Given information:
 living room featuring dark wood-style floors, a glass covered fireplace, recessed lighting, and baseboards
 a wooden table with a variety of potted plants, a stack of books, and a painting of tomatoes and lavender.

---

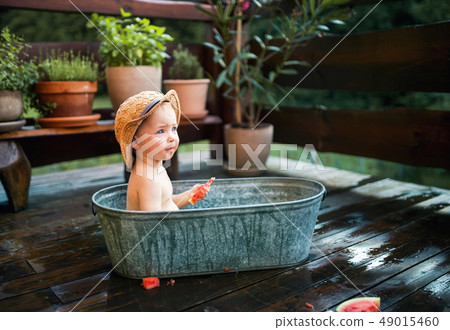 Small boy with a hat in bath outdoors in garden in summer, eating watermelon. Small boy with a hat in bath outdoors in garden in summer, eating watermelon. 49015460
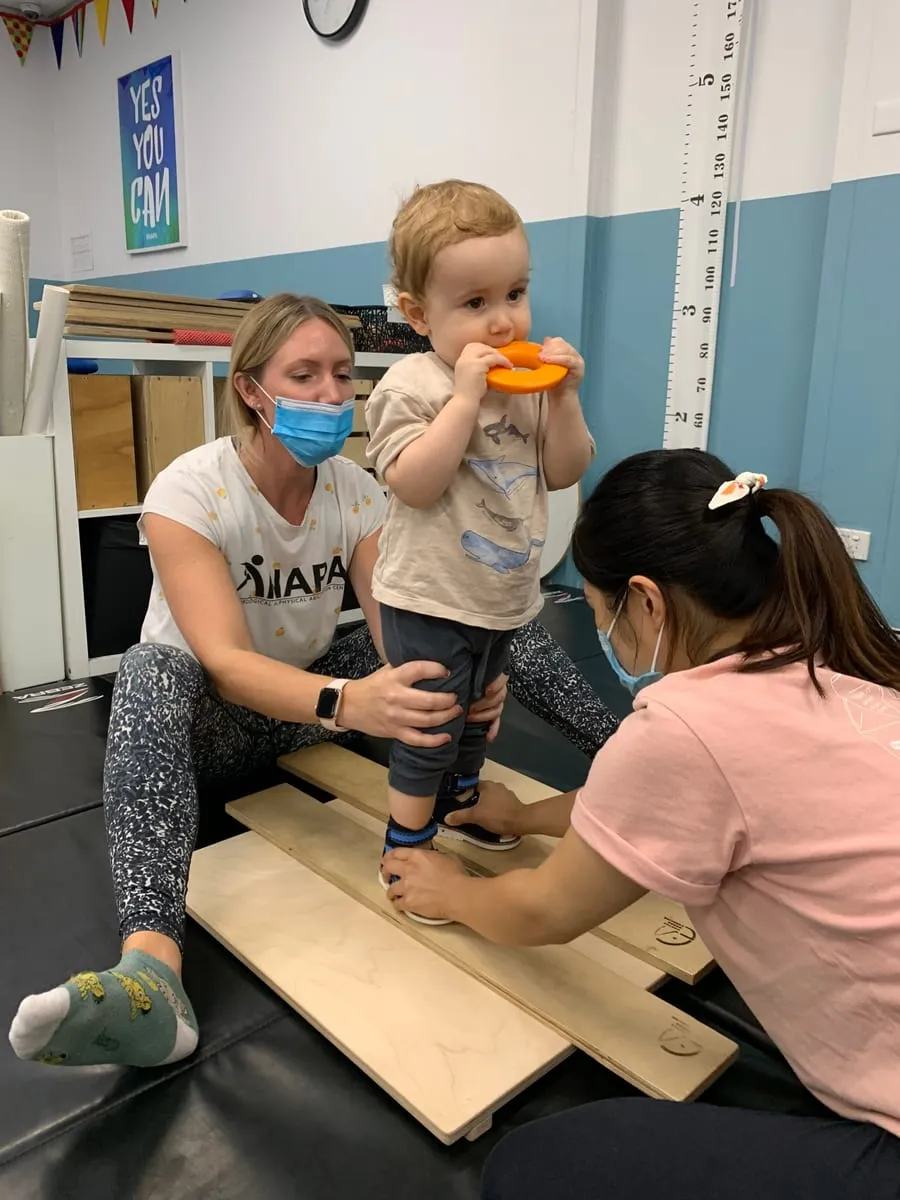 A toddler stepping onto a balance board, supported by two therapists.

Your assignment: Reproduce exactly, with no pictures, the lines above from the one holding "eating watermelon. 49015460" to the one holding "A toddler stepping", inclusive.

Reply:
 Small boy with a hat in bath outdoors in garden in summer, eating watermelon. Small boy with a hat in bath outdoors in garden in summer, eating watermelon. 49015460
 A toddler stepping onto a balance board, supported by two therapists.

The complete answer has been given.